It’s been a noisy week inside my head. Just last night, I realized with a groan that Friday was coming on like a freight train, and me with nothing to write about. That’s how it goes sometimes, you know? One week, I’ll have hours to browse forums and take the pulse of what’s happening in our hobby, and bammo, the next I’m head-down on a bunch of demanding projects and can barely stop to eat. The good news about this week is that things are reaching a fever pitch, scenery-wise. Stark’s Twin Oaks is nearly done, and Emma Field is ramping up. Huge thanks to all of you who visited this week to see the Emma building renders, by the way. You smashed every traffic record for this blog. Utterly.
Anyway, I did manage to take note of a few interesting developments…

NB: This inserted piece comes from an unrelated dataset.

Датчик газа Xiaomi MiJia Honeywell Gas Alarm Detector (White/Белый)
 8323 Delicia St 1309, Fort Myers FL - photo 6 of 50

Just in time for the mainland blizzards, FS Dream Team has just released a new FSX version of their PHNL Honolulu International Airport scenery. I have nothing to go on but their product page and some forum preview pics, but if this one is anything like their previous releases, it’ll be a hit. My wife is from Hawaii, and we try to make it “back home” at least once a year, so I sort of feel like HNL is my second home airport. It’s a delightful mish-mash of old and new buildings that traces the history of Hawaii’s rise in status over the decades, from sleepy island getaway to tourist mecca. The rumor is that they’ve also included some other island airports in this package, so I’ll have to get it just to see if a certain other field is there. It definitely looks like a worthwhile get.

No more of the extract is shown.